PROOF BY INDUCTION

let P(n) be 2 - 2*7 + 2*7² -...+ 2*(-7)ⁿ= $\frac {1- (-7)^{(n+1)} } 4$

Basic step (n = 0):

2*(-7)⁰= 2*1= 2

$\frac {1- (-7)^{(0+1)} } 4 = \frac {1- (-7)^{1} } 4= \frac {1- (-7) } 4 = \frac {1+ 7 } 4= \frac 8 4 = 2$

We then note P(0) is true, as both sides of the equations is equal to 2.

Induction step

let P(k) be true => 2 - 2*7 + 2*7² -...+ 2*(-7)^k= $\frac {1- (-7)^{(k+1)} } 4$

We need to proove that P(k+1) is also true.

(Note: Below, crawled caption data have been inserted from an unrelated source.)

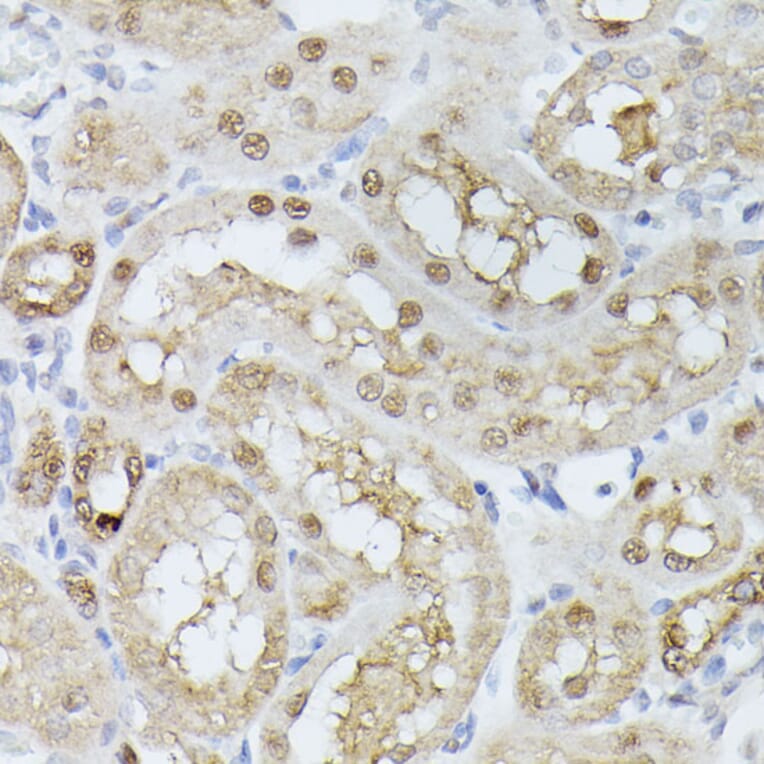 Immunohistochemistry - Anti-Triosephosphate isomerase Antibody (A89167) - Antibodies.com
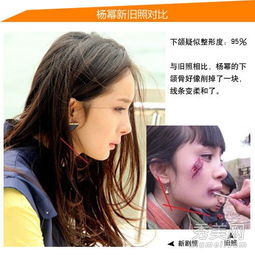  杨幂刘诗诗姚笛郑爽女星整容前巨丑无法直视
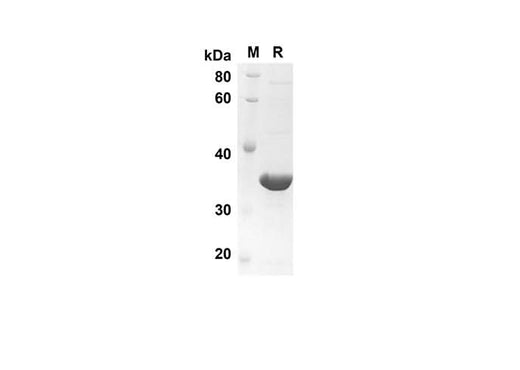 SDS-PAGE analysis of Human FGF6 proteins, 2 μg/lane of Recombinant Human FGF6 proteins was resolved with SDS-PAGE under reducing conditions, showing bands at 38.5 kDa.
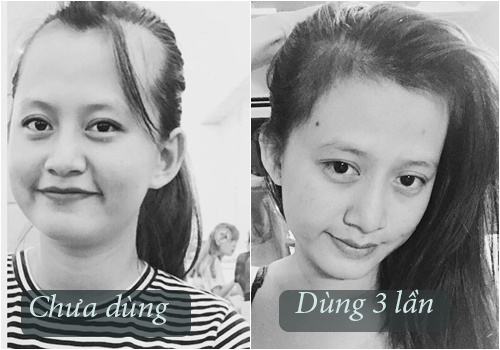 Băm sả thật nhỏ để ngâm với dầu oliu, hỗn hợp thượng đẳng giúp trị gàu kinh niên, giảm tóc gẫy rụng chỉ sau 1 lần gội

2 - 2*7 + 2*7² -...+ 2*(-7)^k + 2*(-7)^k+1= $\frac {1- (-7)^{(k+1)} } 4$ + 2*(-7)^k+1=

=$\frac {1- (-7)^{(k+1)} + 8* (-7)^{(k+1)} } 4$ $\frac {1- (-7)^{(k+1)} } 4 + \frac {8* (-7)^{(k+1)} } 4 =\frac {1- (-7)^{(k+1)} + 8* (-7)^{(k+1)} } 4$ =

= $\frac {1+(-1)* (-7)^{(k+1)} + 8* (-7)^{(k+1)} } 4 = \frac {1+(-1+8)* (-7)^{(k+1)} } 4$ =

=$\frac {1 + 7* (-7)^{(k+1)} } 4= \frac {1 -(- 7)* (-7)^{(k+1)} } 4= \frac {1 - (-7)^{(k+2)} } 4$ =

= $\frac {1 - (-7)^{(k+1)+1} } 4$

We then note that P(k+1) is also true.

Conclusion

By the principle of mathematical induction, P(n) is true for all nonnegative integers n.